College students face many of the same health problems as younger students, but the legal problems are more complicated. The college student is often away from home and without the usual support system in times of illness. Dormitories do not provide chicken broth and dry toast to every student with the flu. They may even be the source of food poisoning, measles, and epidemic respiratory disease.

As in other school settings, the physician's duty is to the patient, not the institution. If the college food service is a frequent source of food poisoning, the college physician should insist that something be done to correct the problem. Physicians must not change the diagnosis from food poisoning to gastroenteritis to avoid political problems. They should work with the college administration to address particular health problems, but medical judgments should not be compromised for administrative convenience.

Issues of consent and confidentiality do not change when the patient is a college student. All residential schools should have a power of attorney to consent to medical care for students who are still minors. It is risky to assume that they will all stay healthy until they reach their majority. This is especially important for minors who are far from home, particularly international students. It is also useful for students who are not minors to consider a power of attorney to consent to medical care if their parents are not readily available or if they do not want their parents involved in their medical care decisions.

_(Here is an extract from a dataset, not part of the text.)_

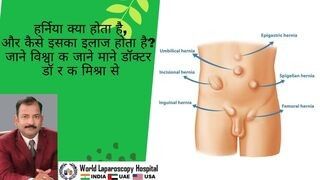 Safe Use of Electrosurgery in Laparoscopy Part I - Lecture by Dr R K Mishra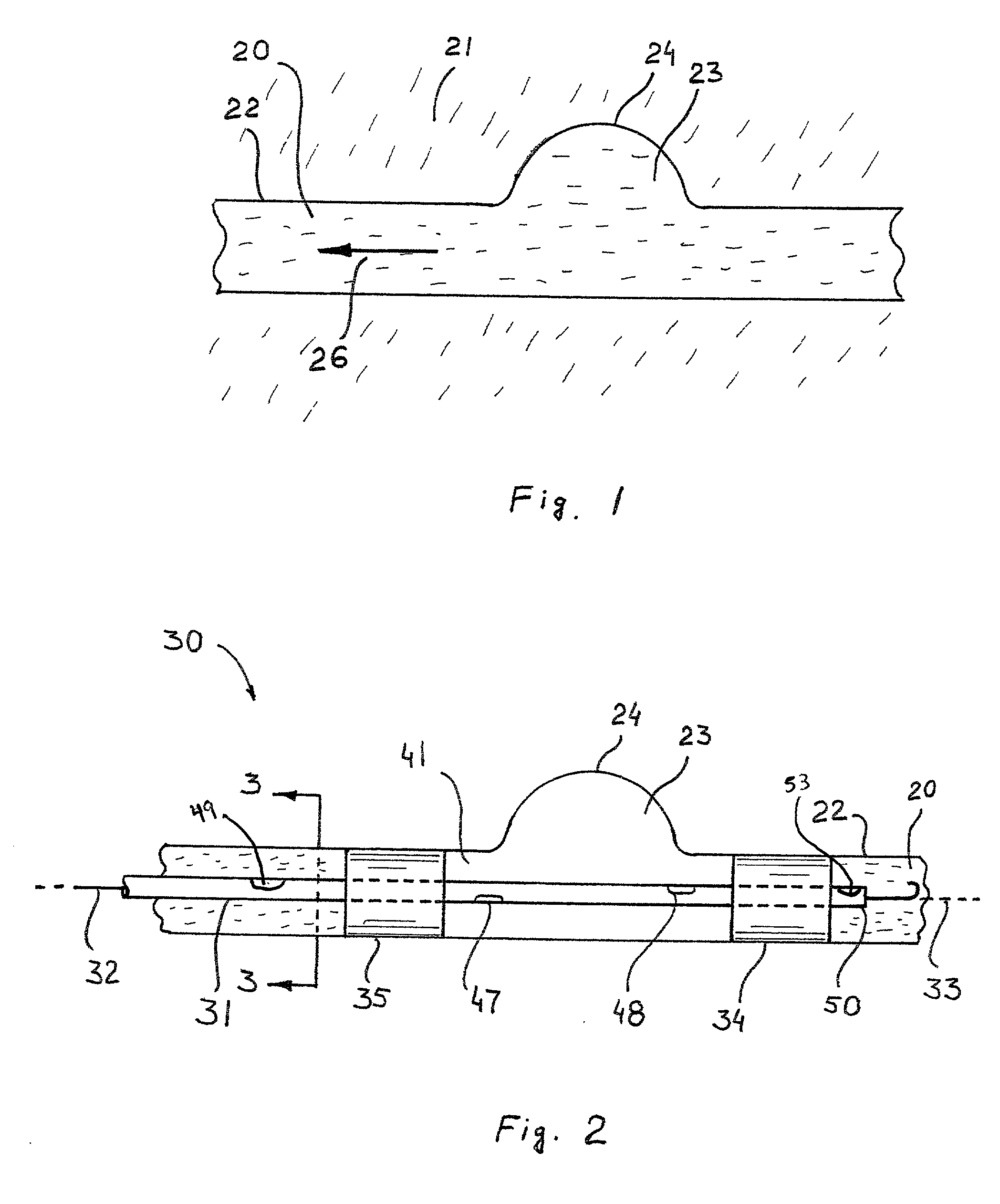 Method and apparatus for treating aneurysms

College physicians must respect the students' confidentiality. The fact that a parent may be paying the tuition or medical bills does not give the parent the right to medical information about a child who is not a minor. At the same time, the parents of a college student have the reasonable expectation that they will be contacted if the student is in trouble or requires significant medical care. The university should require students to sign a waiver that allows it to contact the student's parents in such circumstances. (The university should allow exceptions for students who are estranged from their parents.) For certain kinds of care, such as treatment for drug abuse or venereal disease, the information should be protected unless the student requests that parents be notified. However, students must understand that they may have to pay for the care if they want to keep it confidential. The physician should explain to students who ask that something not appear in a bill that few parents and no insurance company will pay for unspecified services.